Task input:
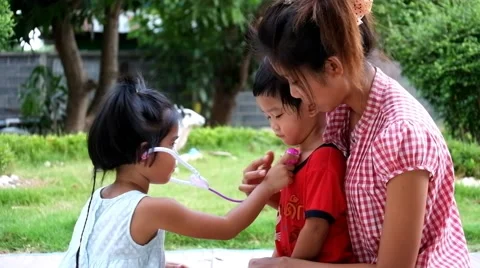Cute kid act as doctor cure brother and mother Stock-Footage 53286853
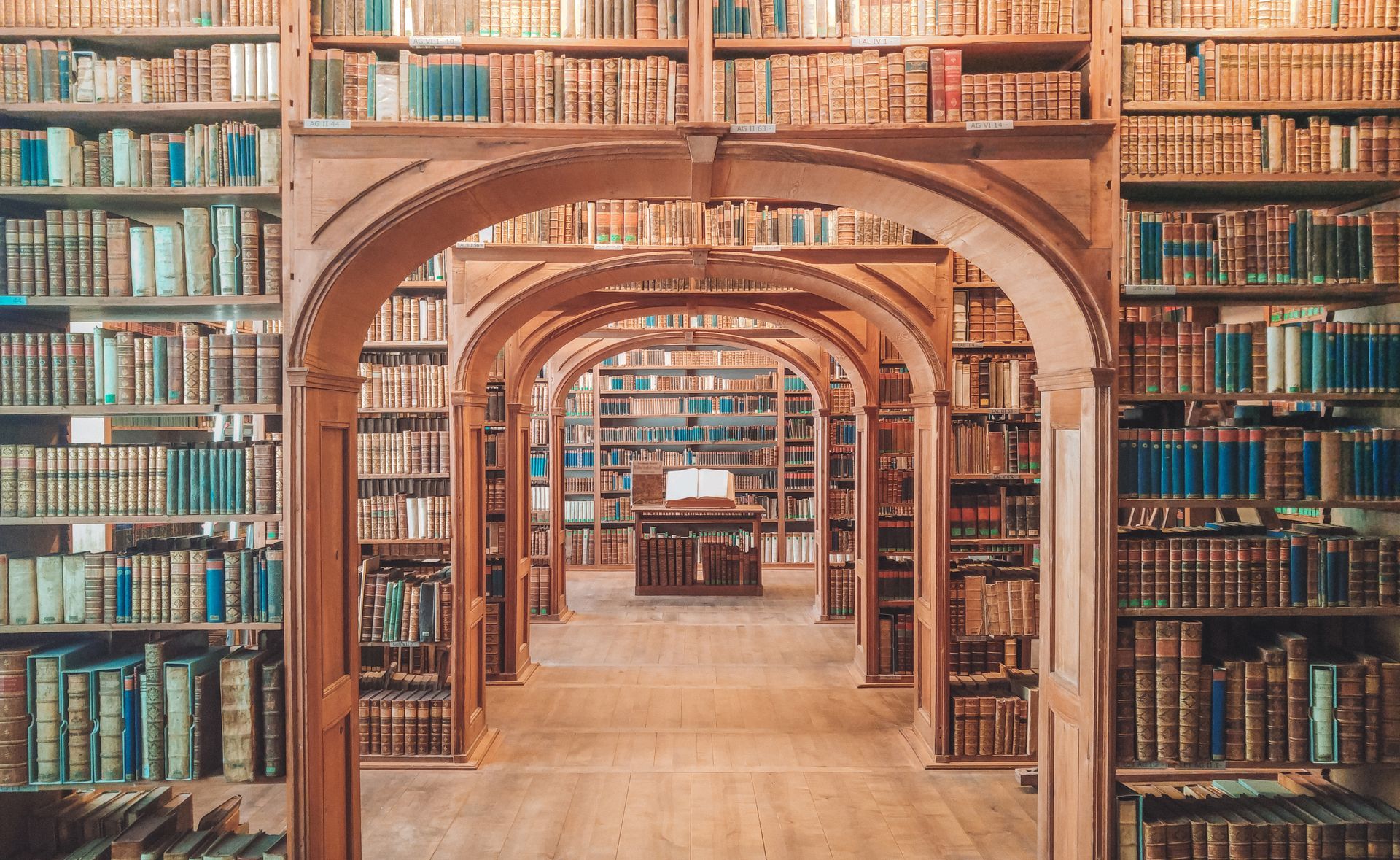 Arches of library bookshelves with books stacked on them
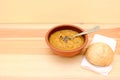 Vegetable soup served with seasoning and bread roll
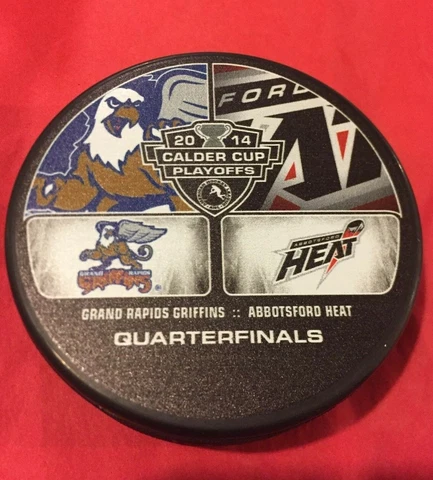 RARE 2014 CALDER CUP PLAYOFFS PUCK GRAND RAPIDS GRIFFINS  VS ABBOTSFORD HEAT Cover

--

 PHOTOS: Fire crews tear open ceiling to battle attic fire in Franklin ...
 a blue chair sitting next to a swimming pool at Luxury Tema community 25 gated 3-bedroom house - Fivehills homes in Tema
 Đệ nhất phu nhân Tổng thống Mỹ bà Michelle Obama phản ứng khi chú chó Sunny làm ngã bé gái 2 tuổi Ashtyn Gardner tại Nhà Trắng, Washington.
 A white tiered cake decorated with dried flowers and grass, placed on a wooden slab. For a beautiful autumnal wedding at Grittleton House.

What you will do: Scan the listing above for the line that has "PHOTOS: Fire crews", then copy exactly from that line through the line that has "A white tiered".

Result of this exercise:
 PHOTOS: Fire crews tear open ceiling to battle attic fire in Franklin ...
 a blue chair sitting next to a swimming pool at Luxury Tema community 25 gated 3-bedroom house - Fivehills homes in Tema
 Đệ nhất phu nhân Tổng thống Mỹ bà Michelle Obama phản ứng khi chú chó Sunny làm ngã bé gái 2 tuổi Ashtyn Gardner tại Nhà Trắng, Washington.
 A white tiered cake decorated with dried flowers and grass, placed on a wooden slab. For a beautiful autumnal wedding at Grittleton House.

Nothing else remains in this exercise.